Your Decisions are Wrong. Is Your Methodology?
I made a lot of mistakes while running GoCrossCampus. Lots of people ask me questions that more or less amount to "If you could have done X differently, what would you have done?" I always answer these questions sincerely. "Oh, I would've done A rather than B and C rather than D" or something like that. But in the back of my mind I know that counterfactuals make for odd teachers. That is, the information I have about the specific problem has obviously changed -- and the more interesting lessons come from shifts in my decision-making methodology.
These "If you could have done X differently" questions are essentially asking "If you knew back then what you know now, how would the decision you made have changed?" Interesting, yes. But the information that led to the decision -- for instance, my beliefs on the marketability of a product or the right way to scale an app -- isn't that useful.

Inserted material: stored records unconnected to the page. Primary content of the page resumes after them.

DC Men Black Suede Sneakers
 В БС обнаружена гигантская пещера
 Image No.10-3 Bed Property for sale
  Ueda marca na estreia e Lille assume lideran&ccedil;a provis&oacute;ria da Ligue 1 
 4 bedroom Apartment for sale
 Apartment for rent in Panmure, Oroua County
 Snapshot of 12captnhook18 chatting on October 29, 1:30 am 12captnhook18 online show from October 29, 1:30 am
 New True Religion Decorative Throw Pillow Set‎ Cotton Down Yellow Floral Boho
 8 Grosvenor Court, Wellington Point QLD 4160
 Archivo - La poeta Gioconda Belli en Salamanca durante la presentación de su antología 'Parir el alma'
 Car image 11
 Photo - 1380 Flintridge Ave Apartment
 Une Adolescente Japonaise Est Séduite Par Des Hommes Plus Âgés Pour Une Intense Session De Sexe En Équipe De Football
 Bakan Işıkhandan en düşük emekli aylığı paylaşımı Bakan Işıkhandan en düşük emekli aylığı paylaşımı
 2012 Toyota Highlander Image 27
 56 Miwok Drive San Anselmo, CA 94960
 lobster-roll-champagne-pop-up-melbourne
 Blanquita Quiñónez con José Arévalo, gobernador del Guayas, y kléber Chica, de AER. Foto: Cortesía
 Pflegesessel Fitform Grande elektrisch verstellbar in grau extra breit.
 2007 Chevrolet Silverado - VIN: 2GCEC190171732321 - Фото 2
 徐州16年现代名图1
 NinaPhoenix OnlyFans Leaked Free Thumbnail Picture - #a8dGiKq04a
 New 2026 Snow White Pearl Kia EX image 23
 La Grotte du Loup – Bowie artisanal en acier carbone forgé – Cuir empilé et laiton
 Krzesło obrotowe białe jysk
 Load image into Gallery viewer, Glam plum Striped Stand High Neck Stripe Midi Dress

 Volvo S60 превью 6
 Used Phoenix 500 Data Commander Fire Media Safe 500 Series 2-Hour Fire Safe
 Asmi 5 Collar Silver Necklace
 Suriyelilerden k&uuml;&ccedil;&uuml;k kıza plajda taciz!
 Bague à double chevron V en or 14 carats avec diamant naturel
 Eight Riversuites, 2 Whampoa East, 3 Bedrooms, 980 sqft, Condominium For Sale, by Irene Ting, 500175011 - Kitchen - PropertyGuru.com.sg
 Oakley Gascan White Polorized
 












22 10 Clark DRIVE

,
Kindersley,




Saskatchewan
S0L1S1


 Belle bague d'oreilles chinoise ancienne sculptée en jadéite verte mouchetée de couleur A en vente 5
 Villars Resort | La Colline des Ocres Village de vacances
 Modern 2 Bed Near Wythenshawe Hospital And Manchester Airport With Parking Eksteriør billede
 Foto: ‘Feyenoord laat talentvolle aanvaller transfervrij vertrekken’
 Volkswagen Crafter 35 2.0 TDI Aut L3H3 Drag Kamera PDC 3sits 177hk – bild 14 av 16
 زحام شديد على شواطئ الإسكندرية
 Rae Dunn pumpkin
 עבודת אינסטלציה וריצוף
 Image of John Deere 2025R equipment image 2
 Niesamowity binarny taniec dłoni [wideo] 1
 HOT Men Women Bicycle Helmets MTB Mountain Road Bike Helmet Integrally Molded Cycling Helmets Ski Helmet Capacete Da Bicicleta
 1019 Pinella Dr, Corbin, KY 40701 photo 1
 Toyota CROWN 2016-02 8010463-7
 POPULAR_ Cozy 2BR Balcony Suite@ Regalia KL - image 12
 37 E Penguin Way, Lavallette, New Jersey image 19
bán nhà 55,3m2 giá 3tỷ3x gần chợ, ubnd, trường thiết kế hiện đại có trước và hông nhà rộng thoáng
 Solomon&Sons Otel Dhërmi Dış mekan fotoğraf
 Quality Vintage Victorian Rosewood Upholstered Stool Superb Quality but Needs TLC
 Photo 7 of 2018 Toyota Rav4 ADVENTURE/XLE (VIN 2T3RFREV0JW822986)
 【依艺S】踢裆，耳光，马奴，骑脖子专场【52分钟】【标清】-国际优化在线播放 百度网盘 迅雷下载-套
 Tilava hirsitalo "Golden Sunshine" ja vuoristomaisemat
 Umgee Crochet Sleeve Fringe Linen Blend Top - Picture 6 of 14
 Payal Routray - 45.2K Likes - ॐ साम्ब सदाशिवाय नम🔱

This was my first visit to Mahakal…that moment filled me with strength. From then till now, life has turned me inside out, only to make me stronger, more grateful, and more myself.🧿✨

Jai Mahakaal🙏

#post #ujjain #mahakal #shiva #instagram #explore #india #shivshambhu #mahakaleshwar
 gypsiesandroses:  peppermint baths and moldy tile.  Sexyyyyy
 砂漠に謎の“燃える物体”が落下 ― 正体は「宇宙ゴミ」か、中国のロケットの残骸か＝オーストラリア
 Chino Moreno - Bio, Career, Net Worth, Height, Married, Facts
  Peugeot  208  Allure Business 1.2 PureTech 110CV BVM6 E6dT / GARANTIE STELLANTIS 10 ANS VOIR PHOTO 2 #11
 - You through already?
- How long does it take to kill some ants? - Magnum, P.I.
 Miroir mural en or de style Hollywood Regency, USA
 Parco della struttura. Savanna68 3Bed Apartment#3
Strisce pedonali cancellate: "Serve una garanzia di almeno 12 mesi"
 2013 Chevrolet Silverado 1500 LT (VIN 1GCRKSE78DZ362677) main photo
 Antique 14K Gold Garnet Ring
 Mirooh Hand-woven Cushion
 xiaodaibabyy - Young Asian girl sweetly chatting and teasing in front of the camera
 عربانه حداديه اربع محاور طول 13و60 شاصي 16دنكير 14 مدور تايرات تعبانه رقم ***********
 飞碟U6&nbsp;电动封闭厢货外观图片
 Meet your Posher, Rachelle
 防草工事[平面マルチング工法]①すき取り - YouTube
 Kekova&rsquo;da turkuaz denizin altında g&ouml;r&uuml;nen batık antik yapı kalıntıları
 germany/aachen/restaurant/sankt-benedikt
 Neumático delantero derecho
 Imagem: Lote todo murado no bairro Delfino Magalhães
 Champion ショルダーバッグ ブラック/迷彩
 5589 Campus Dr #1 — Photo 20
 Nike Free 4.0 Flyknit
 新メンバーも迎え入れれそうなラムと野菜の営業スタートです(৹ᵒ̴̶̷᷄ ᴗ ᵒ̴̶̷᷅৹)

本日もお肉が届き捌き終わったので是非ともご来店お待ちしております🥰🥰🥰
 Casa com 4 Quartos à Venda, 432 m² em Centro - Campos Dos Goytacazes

Rather, the juicy bits are the framework through which I took the information and produced an actionable plan. Consider the following question:
If you could do it again, how would you structure your financing round?
I would've clearly taken a priced round rather than a convertible note given the difficulty we had in closing the round.
Given the information I had at the time, I would not have done anything differently. That is, even though my information was wrong, my decision-making methodology was sound.
In other cases, my methodology may have been wrong yet my decisions right -- something we in the business call "getting lucky". But those two replies are answering the question on different levels. One is concerning facts -- the who, what, when, where and how of the situation at hand. The other is concerning methodology -- given the facts at hand, how did I come to a decision?
When evaluating past decisions, too many entrepreneurs focus on the facts rather than the methodology. Methodology is replicable. The mental algorithms I use to convert data into a decision are used over and over again. Data is all too often ephemeral and unrepeatable, and condemning a decision-making methodology that was plagued by bad data is often a quick way to take a step backward (or vice versa, endorsing a poor system that got lucky due to circumstance or poor data.)
Focusing on the methodologies rather than the facts will allow you to see patterns and make better decisions in related but non-identical situations. If I get hit by a car, it would be odd to simply say "Wow, next time I'll see the car." Rather, I'm going to make fundamental changes to the way I think about crossing the street -- specifically, how I gather information and translate that information into actions. Why should a startup be any different?